Ultimately, the court said, "I will not decide at this stage of the proceedings whether the per se standard or the rule of reason governs ICP’s antitrust claims." It was sufficient for purposes of the motion to dismiss, the court concluded, that the amended complaint alleged activities that plausibly placed an unreasonable restraint on trade. The motion to dismiss filed on behalf of Caterpillar and Komatsu, as the only two remaining antitrust defendants, therefore, was denied.
Personal jurisdiction. One of the reasons that Caterpillar and Komatsu were the only two remaining antitrust defendants was that the court concluded that it lacked subject matter jurisdiction over the dealers. The three dealer defendants were from Minnesota, Florida, and Alabama. Under Delaware law, the element that ICP could not satisfy for these three entities was that a "a substantial act or substantial effect in furtherance of the conspiracy occurred in the forum state" (instituto Bancario Italiano SpA v. Hunter Eng’g Co., 449 A.2d 210, 225 (Del. 1981)). The only act related to the conspiracy that occurred in Delaware was the merger between Associated Auction Services and IronPlanet. That act, however, was not an essential step. In any event, the merger happened well after the conspiracy achieved its objective when IronPlanet repudiated its IPC contract. As a result, the three dealerships were dismissed from the suit for lack of personal jurisdiction.

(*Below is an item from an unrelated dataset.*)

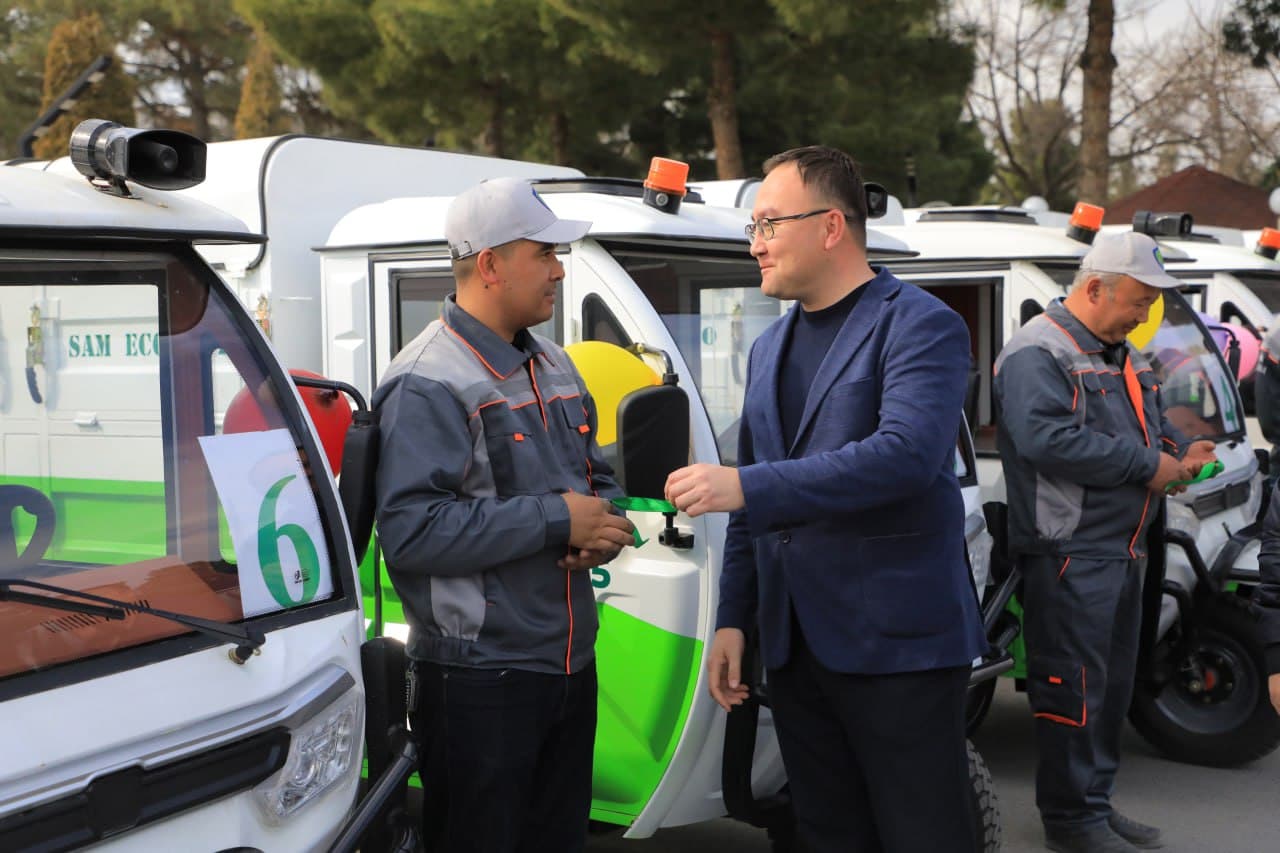 Samarkand: Modern waste collection vehicles commissioned for operation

State law claims. The state law claims for tortious interference with contract, tortious interference with prospective business relations, civil conspiracy, and aiding and abetting were all dismissed without prejudice for pleading insufficiencies. ICP merely referenced the antitrust allegations and then stated that those acts constituted a violation of each of the relevant state laws. Furthermore, the allegations never referenced which state law applied. Such bare-bones pleading was insufficient.

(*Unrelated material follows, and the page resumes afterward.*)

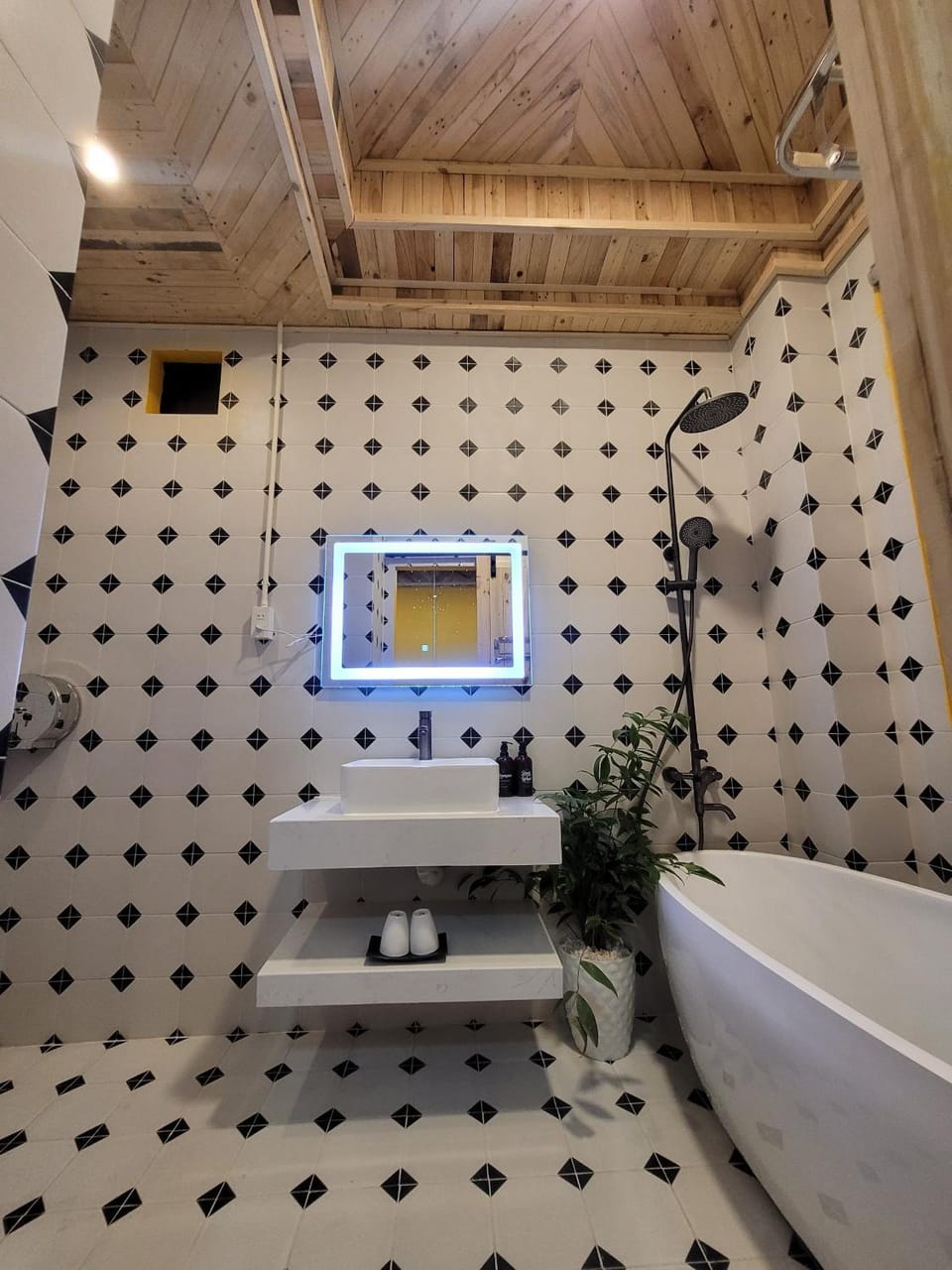 Lightning House Bed and Breakfast in Dalat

The court, therefore, made the following rulings: (1) the three out-of-state dealers’ motion to dismiss was granted for lack of personal jurisdiction, but all claims were dismissed without prejudice for possible refiling in the appropriate courts, (2) Associated Auction Service’s motion to dismiss was granted, with prejudice for the antitrust claims but without prejudice for the state law claims, and (3) Caterpillar and Komatsu’s motion to dismiss was denied as to the antitrust claim but granted without prejudice as to the state law claims.
This Case is No. 1:15-cv-00108-RGA-SRF.
Attorneys: John W. Shaw (Shaw Keller LLP) and David Boies (Boies Schiller Flexner LLP) for International Construction Products LLC. David J. Baldwin (Potter Anderson & Corroon LLP) and Robert G. Abrams (Baker & Hostetler LLP) for Caterpillar Inc. Henry E. Gallagher, Jr. (Connolly Gallagher, LLP) and Quentin R. Wittrock (Gray Plant Mooty) for Associated Auction Services, LLC and Ziegler Inc. Denise S. Kraft (DLA Piper LLP) for Komatsu America Corp.
Companies: International Construction Products LLC; Caterpillar Inc.; Associated Auction Services, LLC; Ziegler Inc.; Komatsu America Corp.